Funzionalità, condivisione, circolarità, disintermediazione, i tratti distintivi delle nuove forme di cooperazione sociale produttiva che si stanno affermando, nelle pieghe del mercato mondiale, ai quattro angoli del pianeta, e non soltanto nelle aree più avanzate. Questo insieme di modalità di scambio e di consumo è stato battezzato “Sharing economy”. Da qualche tempo è divenuto oggetto di indagini e di riflessioni da parte di esperti di vario orientamento. Ovviamente, il laboratorio d’avanguardia dell’innovazione a tutti i livelli restano gli Stati Uniti, anche per questo fenomeno cresciuto in sordina dentro la crisi e che oggi si impone all’attenzione dei decisori di politica economica sulle due sponde dell’Atlantico come possibile risposta ai limiti e ai fallimenti dei paradigmi tradizionali. Si è ormai capito, anche se molti si attardano sulle vetuste identità del secolo scorso, che “pubblico e privato” sono le due facce di una stessa logora medaglia.
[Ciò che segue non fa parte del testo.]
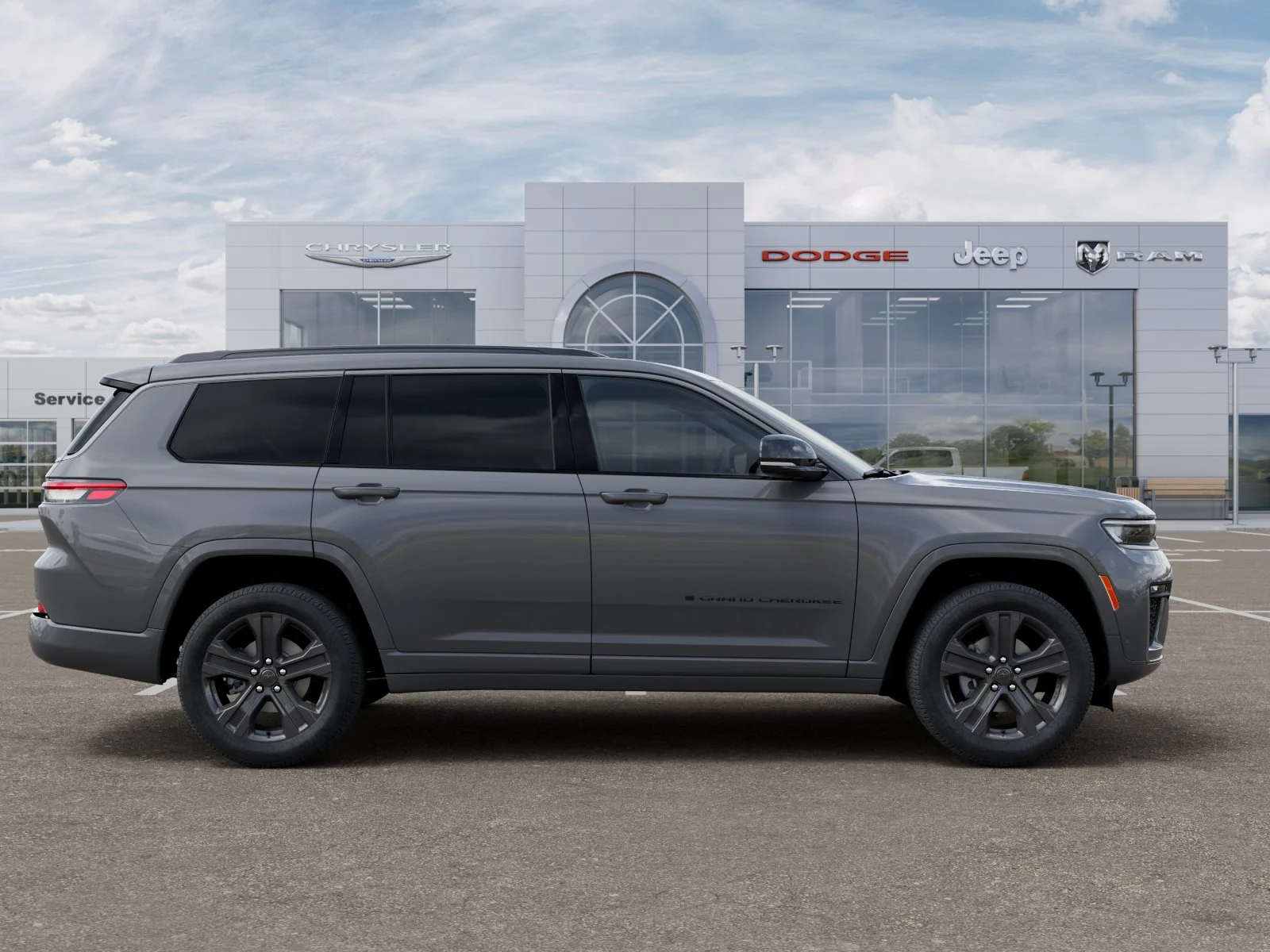 New 2027 Sting-Gray Clearcoat Jeep Limited Reserve image 21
Entrambe inadeguate a fronteggiare con successo le sfide del nostro tempo, essendo incapaci di costruire un futuro di effettivo progresso in grado di coniugare armonicamente sviluppo e ambiente. E dovremmo averlo capito soprattutto noi, europei e italiani, che non riusciamo ancora a venir fuori veramente dalla stagnazione. Qualche decimale positivo non fa primavera…
Torniamo, però, all’osservatorio americano che può fornirci indicazioni utili per la comprensione della Sharing economy e la corretta valutazione dei suoi impatti sociali e culturali. Scopriremo che sul medesimo fenomeno si misurano interpretazioni di segno diametralmente opposto, a dimostrazione che la questione è aperta. Un banco di prova per il pensiero critico.
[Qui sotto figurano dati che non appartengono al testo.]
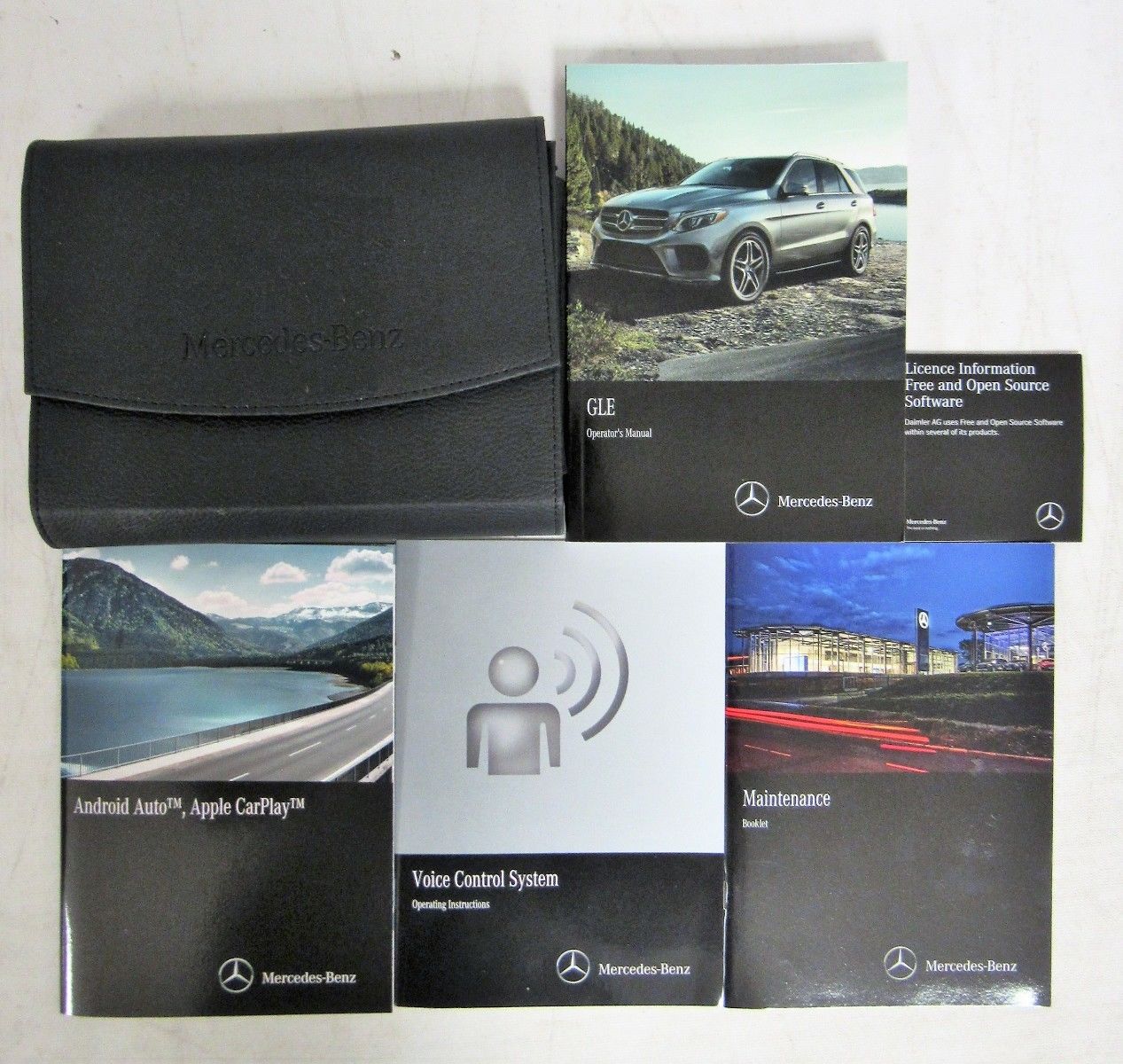 Mercedes Benz Manual Book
L’Oxford English Dictionary – ci racconta Federico Rampini (L’Età del Caos, pp. 310-13) – alla voce “Sharing economy” riporta la seguente definizione: “Un sistema dove i beni e i servizi non occorre possederli, li si usa solo quando se ne ha bisogno, pagando in proporzione”. Dunque – come ha anticipato Jeremy Rifkin – il principio dell’”accesso” prevale su quello della “proprietà”. Lo conferma anche Aron Sundararajan –eminente studioso della New York University: “Siamo di fronte a un nuovo tipo di capitalismo, dalla proprietà tradizionale delle grandi marche di un tempo si passa a un sistema di accesso su basi paritarie”. Lo pensano pure i cittadini americani. Secondo un’indagine della PwC us Consumer Intelligence, il 57% degli adulti ritiene che “l’accesso sia la nuova forma di proprietà” e per questa ragione il 19% dichiara di aver praticato la Sharing economy direttamente, soprattutto nella fascia di età fra i 18 e i 24 anni. Inoltre, l’86% dei consumatori pensa che i “servizi in condivisione rendano la vita meno cara”, mentre il 68% ritiene che attraverso queste forme di cooperazione si “costruiscano comunità più coese”. Ecco perché nelle conclusioni, lo studio della PwC us Consumer Intelligence perviene a una definizione aggiornata di Sharing economy: “Ecosistema emergente che monetizza delle capacità produttive sottoutilizzate, o privilegia il prestito, l’affitto, lo spezzettamento di microcompetenze, costruito sulla fiducia reciproca e la collaborazione”. Paul Mason – commentatore economico del “The Guardian” – si spinge oltre: “E’ l’anticamera del comunismo digitale”. Stiamo forse assistendo all’emergere di una modello più democratico ed efficace di tutela/promozione del “Bene Comune”?
Non tutti concordano con questa visione ottimistica. Robert Reich – esponente della sinistra americana, docente all’Università di Berkeley – è convinto, invece, che la Sharing economy rappresenti un capitolo del più vasto processo di evoluzione del sistema capitalistico globale verso derive segnate dall’ipersfruttamento e dalla crescita delle disuguaglianze. Non senza sarcasmo, la stigmatizza come “economia della condivisione delle briciole”. La questione è sul tappeto – ripetiamo – e merita approfondimenti. Non a caso, il secondo numero del magazine del Giornale dei Comuni dal titolo “Una nuvola per amica. Cloud e Sharing economy: l’innovazione negli enti locali” – appena uscito – focalizza proprio questi temi.
Apriamo il dibattito, si diceva una volta.